SUPPLIED DATA:
=====

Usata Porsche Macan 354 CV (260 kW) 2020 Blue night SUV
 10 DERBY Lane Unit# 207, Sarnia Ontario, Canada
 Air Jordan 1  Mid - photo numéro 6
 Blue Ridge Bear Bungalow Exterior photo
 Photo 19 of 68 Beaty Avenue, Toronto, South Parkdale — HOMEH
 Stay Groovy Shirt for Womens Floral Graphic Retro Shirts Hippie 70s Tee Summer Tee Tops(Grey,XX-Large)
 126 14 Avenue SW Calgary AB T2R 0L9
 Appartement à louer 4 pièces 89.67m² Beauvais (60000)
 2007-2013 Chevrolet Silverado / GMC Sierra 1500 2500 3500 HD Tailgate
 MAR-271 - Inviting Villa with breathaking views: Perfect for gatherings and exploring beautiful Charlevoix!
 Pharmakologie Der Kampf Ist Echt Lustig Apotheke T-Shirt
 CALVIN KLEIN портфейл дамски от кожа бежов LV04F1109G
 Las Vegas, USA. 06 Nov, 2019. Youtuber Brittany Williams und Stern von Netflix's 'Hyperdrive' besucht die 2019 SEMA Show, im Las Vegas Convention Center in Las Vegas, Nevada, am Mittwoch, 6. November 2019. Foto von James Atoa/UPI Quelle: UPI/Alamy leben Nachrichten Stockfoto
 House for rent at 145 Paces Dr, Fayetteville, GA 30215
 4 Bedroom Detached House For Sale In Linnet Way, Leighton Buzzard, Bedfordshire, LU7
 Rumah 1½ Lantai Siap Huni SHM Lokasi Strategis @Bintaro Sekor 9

=====

Word for word, write out the entries above again.

Usata Porsche Macan 354 CV (260 kW) 2020 Blue night SUV
 10 DERBY Lane Unit# 207, Sarnia Ontario, Canada
 Air Jordan 1  Mid - photo numéro 6
 Blue Ridge Bear Bungalow Exterior photo
 Photo 19 of 68 Beaty Avenue, Toronto, South Parkdale — HOMEH
 Stay Groovy Shirt for Womens Floral Graphic Retro Shirts Hippie 70s Tee Summer Tee Tops(Grey,XX-Large)
 126 14 Avenue SW Calgary AB T2R 0L9
 Appartement à louer 4 pièces 89.67m² Beauvais (60000)
 2007-2013 Chevrolet Silverado / GMC Sierra 1500 2500 3500 HD Tailgate
 MAR-271 - Inviting Villa with breathaking views: Perfect for gatherings and exploring beautiful Charlevoix!
 Pharmakologie Der Kampf Ist Echt Lustig Apotheke T-Shirt
 CALVIN KLEIN портфейл дамски от кожа бежов LV04F1109G
 Las Vegas, USA. 06 Nov, 2019. Youtuber Brittany Williams und Stern von Netflix's 'Hyperdrive' besucht die 2019 SEMA Show, im Las Vegas Convention Center in Las Vegas, Nevada, am Mittwoch, 6. November 2019. Foto von James Atoa/UPI Quelle: UPI/Alamy leben Nachrichten Stockfoto
 House for rent at 145 Paces Dr, Fayetteville, GA 30215
 4 Bedroom Detached House For Sale In Linnet Way, Leighton Buzzard, Bedfordshire, LU7
 Rumah 1½ Lantai Siap Huni SHM Lokasi Strategis @Bintaro Sekor 9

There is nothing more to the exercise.